Primate of Poland Archbishop Wojciech Polak said on Sunday, January 14, — echoing Pope Francis — that every exile and refugee knocking on our door is “an opportunity to meet Jesus”.
“To the mother’s love of the Church, to love of all of us, God entrusts Poles living outside of Poland; He entrusts everyone who comes to us from Ukraine; He entrusts those who, being refugees, need our help and care,’ the Archbishop said. “All this, that we, as Pope Francis points out to us, according to the most important commandment of God, learn to love one’s neighbor, the other, like himself.”
Earlier that day Archbishop Polak met with the family Salloum from Homs in Syria, which has been living and working in Olawa, in Poland, for three years.

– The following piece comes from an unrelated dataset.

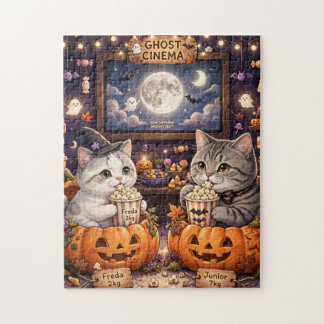 Freda och Junior Ghost Cinema Pussel | Kawaii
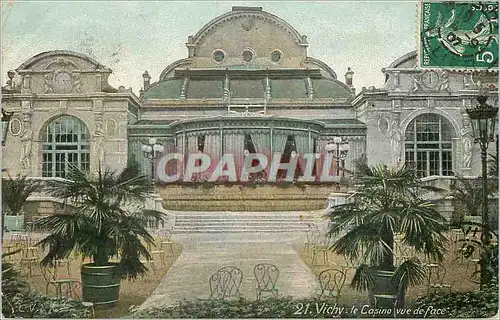 Cartes postales Vichy le Casino vue de face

Bishop Krzysztof Zadarko, chairman of the Council of the Polish Episcopate for Migration Tourism and Pilgrimages, noted on January 14, that the reluctance towards newcomers, present among many Christians, results from the scale of migration and the simplifications in the public debate. He said that the Church’s teaching is very concrete: one should give refugees a shelter, but when a refugee becomes a migrant, we have the right to require a clear declaration from him: “If you want to stay here, to live among us, you have a duty, enjoying the privilege of hospitality, to respect our culture, law, and customs.”
Cardinal Kazimierz Nycz, Metropolitan of Warsaw, explained during the Sunday, January 14, Mass that the issue of refugees is becoming an increasingly difficult problem, because the local phenomenon, associated with wars in a given corner of the world, is now becoming a global problem. This is due to the unequal distribution of wealth that the world has at its disposal, the overpopulation of some areas of Africa and Asia. This problem is developing and it does not look like it could end soon. It will always be a challenge for us, he said.
Fr Marcin Iżycki, Director of Caritas Polska, stated during the press conference at the seat of the Polish Episcopate on January 15: “There are six help centers for refugees in Poland. Last year we helped 6,000 refugees in the country, half of them were children”. He also cited the program “Family to Family” of Caritas Polska, in the frame of which already 17.000 Poles help 9.000 families in Syria and Lebanon.